[Newbies] Re: Why hasn't Smalltalk been wildly accepted?

Klaus D. Witzel klaus.witzel at cobss.com
Wed Aug 9 05:45:56 UTC 2006


On Wed, 09 Aug 2006 07:17:58 +0200, Todd Blanchard wrote:

> Because the primary vendor for Smalltak - ParcPlace Systems, pursued a  
> strategy of maximizing profit per user instead of profit overall.  In  
> its heyday, VisualWorks cost something like $3000 per user and so almost  
> nobody could afford to learn it unless they could do it on the job at  
> their employer's expense.   Even the academic license was something like  
> $500 - pretty steep for a student.
>
...
> Java gained ground because anyone who wanted to try it could just  
> download it and learn it.  This wasn't possible with Smalltalk - so  
> nobody learned it.

See, it was necessary to attach a very large price tag to Smalltalk for  
getting an idea of Java's value (value := price tag in this case ;-)  
Seriously, I believe this cause-and-effect.

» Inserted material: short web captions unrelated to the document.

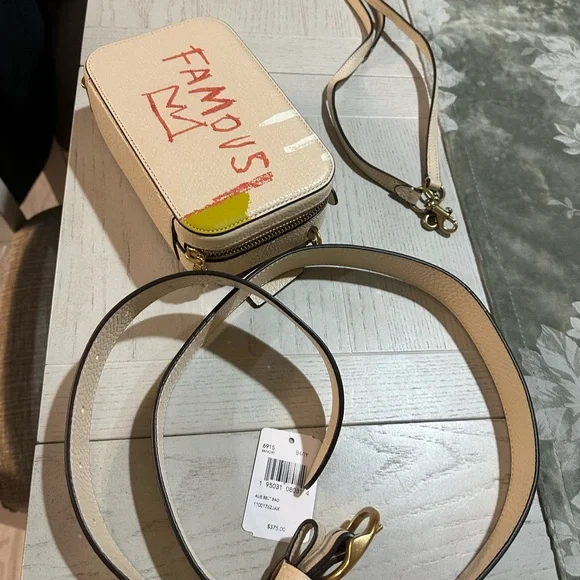 Famous Cream Leather Crossbody Bag - Picture 11 of 16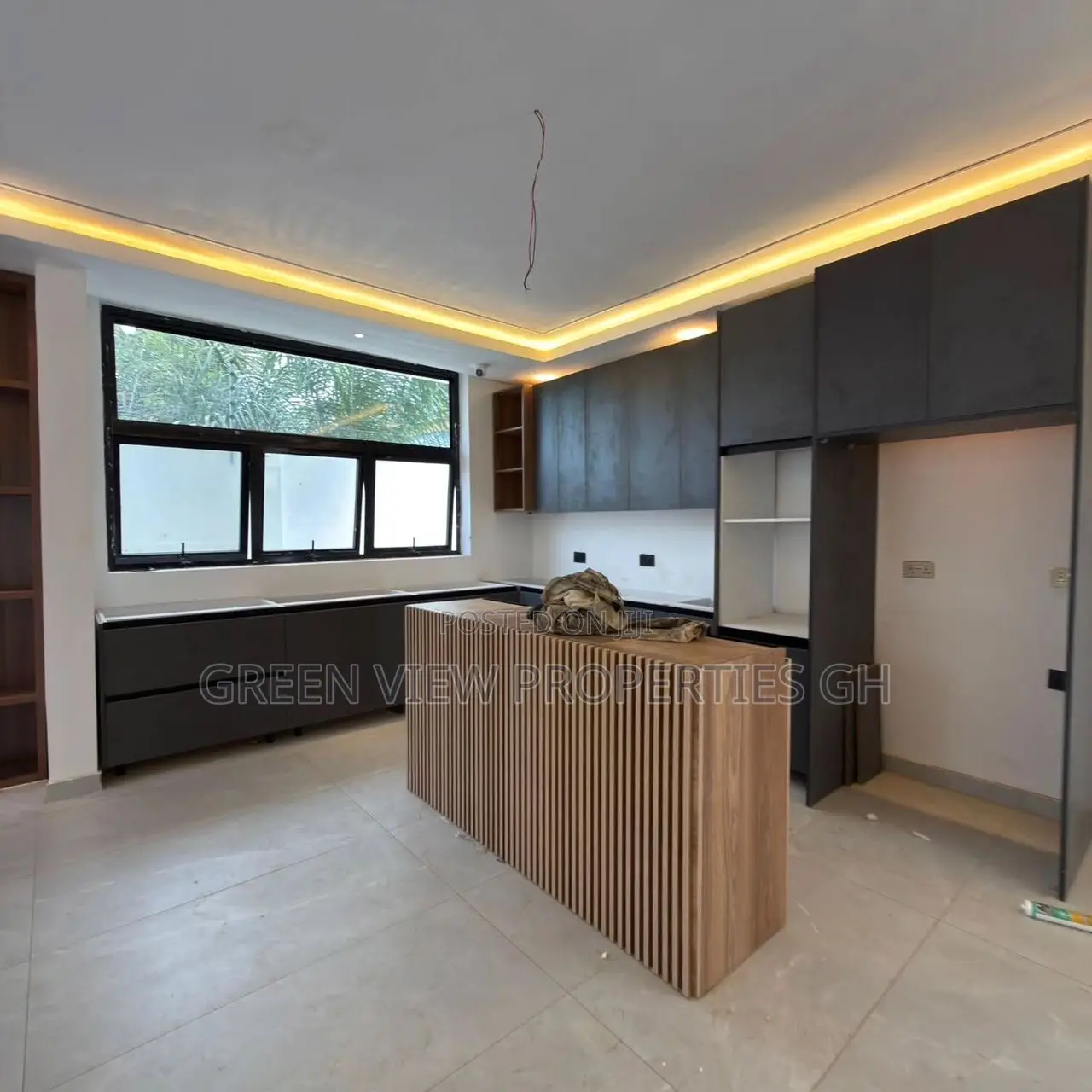 4bdrm Duplex in East Legon for sale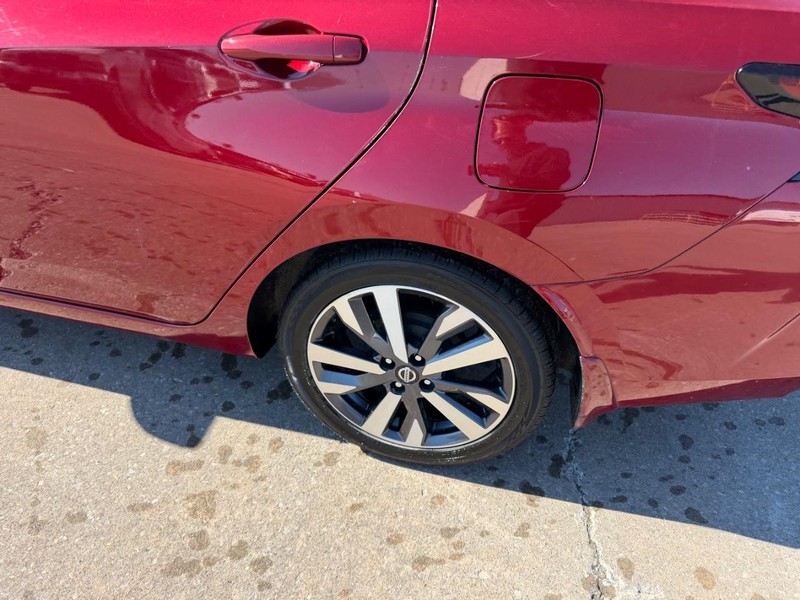 Nissan Versa Vehicle Full-screen Gallery Image 6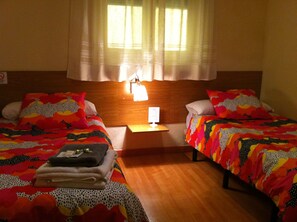 Cortinas blackout, berços grátis, camas extras/dobráveis (sobretaxa)
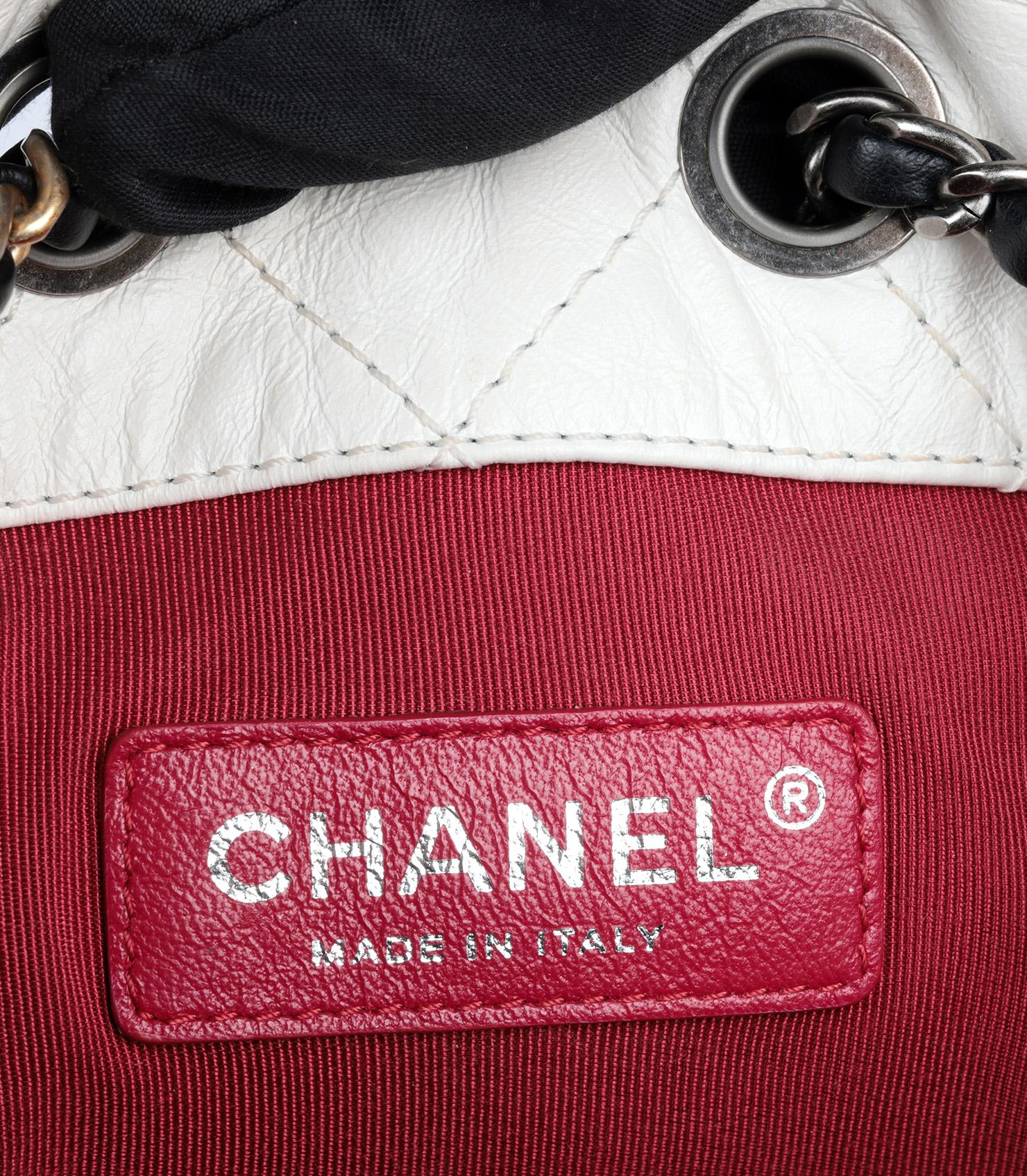 Chanel - Sac à dos Gabrielle en cuir de veau noir et blanc  en vente 5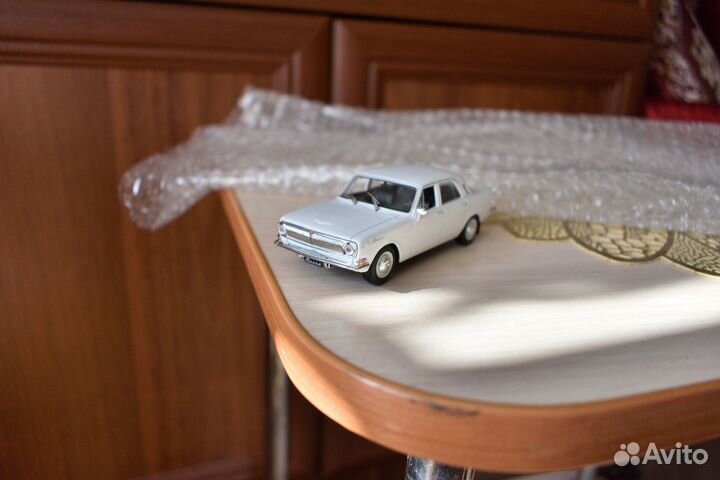 Модель коллекционная Deagostini газ 24 Волга 1:43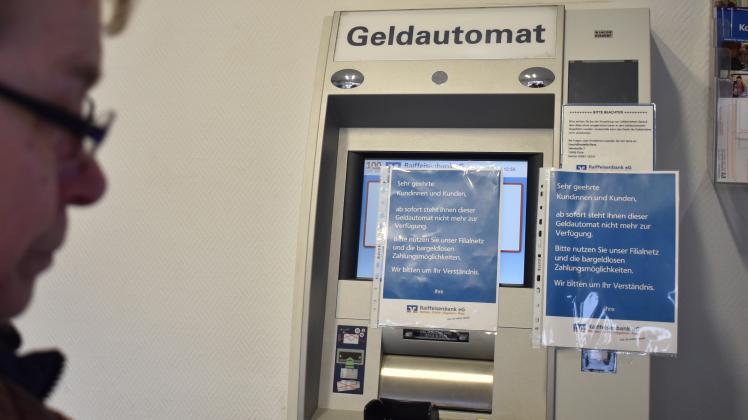 Nicht alle Bankautomaten auf dem flachen Land werden bleiben. Die Raiffeisenbank wird auch in Leezen keinen neuen installieren. 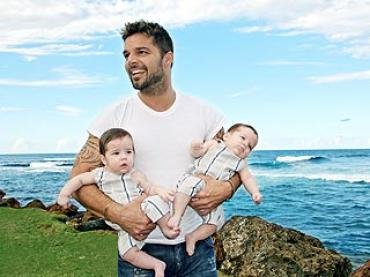 ricky-martin-and-twins_370x277.jpg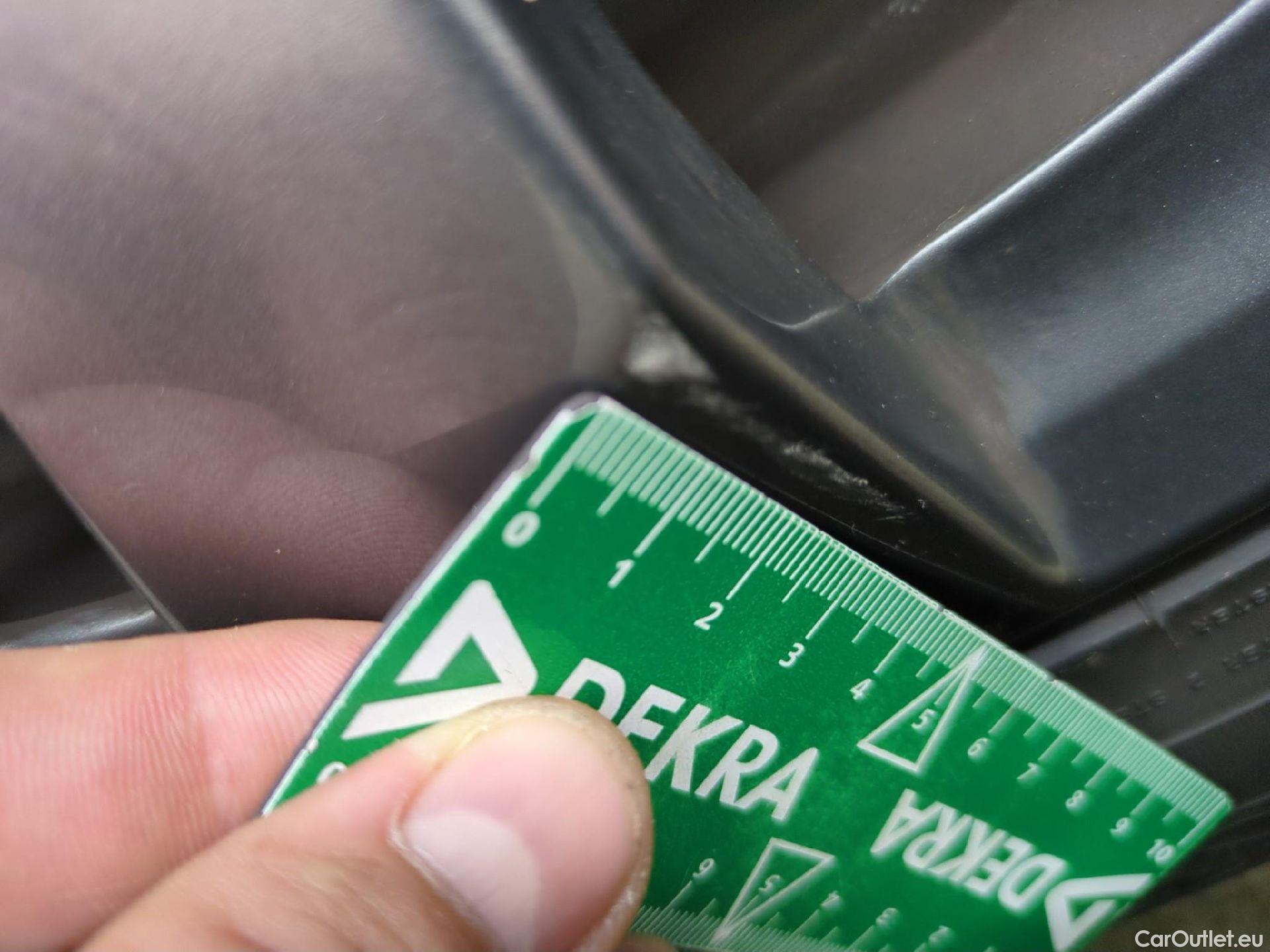  Peugeot  2008  Active Pack 1.2 PureTech 130CV BVA8 E6d #11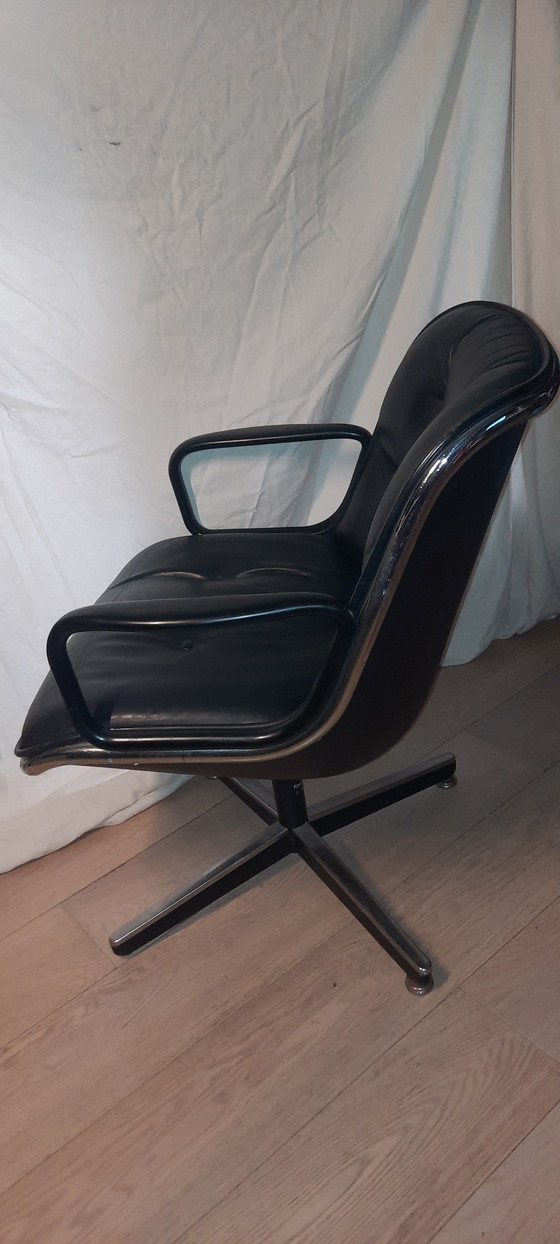 Image 1 of Poltrona direzionale Knoll Pollock vintage anni '70 – pelle nera, base a 4 stelle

> At least, this is how things looked to me as an enterprise systems  
> architect in the mid-1990's.

I agree, same experience here. But the story about VAST and COBOL was:  
sales rep #1 "what's this small talk thingy good for?"; sales rep #2  
"replacing COBOL?!". The COBOL landscape was, by that time, the largest  
and replacing any COBOL system by anything else meant more $$$ for the  
sales rep than she/he could imagine to earn by selling something else.